Totality and Infinity, Alterity, and Relation: From Levinas to Glissant

Bernadette Cailler


Totality and Infinity, the title of a well-known work by Emmanuel Levinas, takes up a word which readers of Poetic Intention and of many other texts of Édouard Glissant’s will easily recognize: a term sometimes used in a sense that is clearly positive, sometimes in a sense that is not quite as positive, such as when, for instance, he compares “totalizing Reason” to the “Montaigne’s tolerant relativism.” In his final collection of essays, Traité du tout-monde, Poétique IV, Glissant attempts one more time to clarify the sense in which the reader will have to understand his use of the word “totality,” thinking, and rightfully so, that this word might lead to some confusion: “To write is to say the world. The world as totality, which is so dangerously close to the totalitarian.” Of course, here, it will be necessary to try to ascertain whether or not Levinas’s totality and Glissant’s can peacefully coexist, or, rather, whether this word might, in Glissant, have opposite meanings. Where the second word is concerned, “infinity,” any reader of Glissant will know that he locates its source in those societies he calls atavistic, which are grounded in foundational texts that are the bearers of stories of filiation, of legitimacy, societies whose arrogance and whose errors the author never ceases to decry and whose decomposition, in the very times in which we live, he never ceases to announce (even as Glissant recognizes that there was a time when atavistic cultures undoubtedly must have experienced their own period of creolization, and that, conversely, composite cultures undoubtedly often tend to become atavistic). On this level, “totality” and “infinity,” for him, seem to belong to the same world. Thus, and still in Traité du tout-monde , he proposes that

"Hebraism, Christianity, Islam are grounded in the same spirituality of the One and to the same belief in a revealed Truth… The thought of the One that has done so much to magnify, as well as to denature. How can one consent to this thought, which transfigures while neither offending nor de-routing the Diverse?"

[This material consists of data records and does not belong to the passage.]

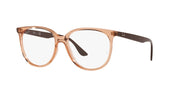 Ray-Ban prescription eyewear frames, translucent peach with dark-tinted temple arms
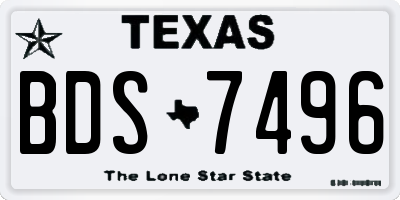 TX license plate BDS7496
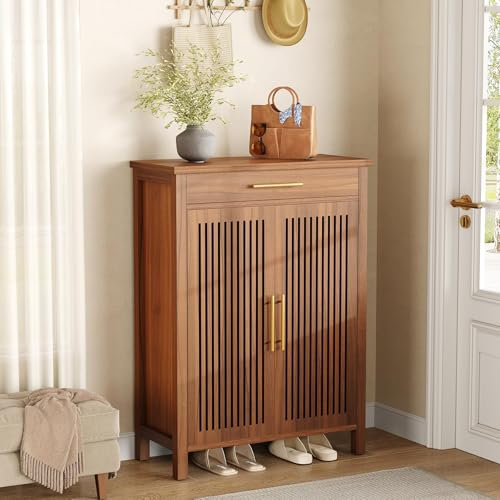 Tribesigns Schuhschrank, 5-stöckiger Schuhschrank schmal mit Lamellentüren und Schublade, verstellbar Schuhregal Holz für Eingangsbereich, Flur, Kleiderschrank, 80 * 36 * 110cm, Braun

Moreover, it would be interesting, I think, to know how Levinas might react to these words of Glissant’s: “Totality is not that which has often been called the universal. It is the finite and realized quantity of the infinite detail of the real.” This word, “infinite,” is decidedly dangerous: what is an “infinite detail?” Does this word, “infinite,” not always lead to the unknown, to the non-totalizable, to what Levinas would call an “enigma,” to what Glissant would call an “opacity?”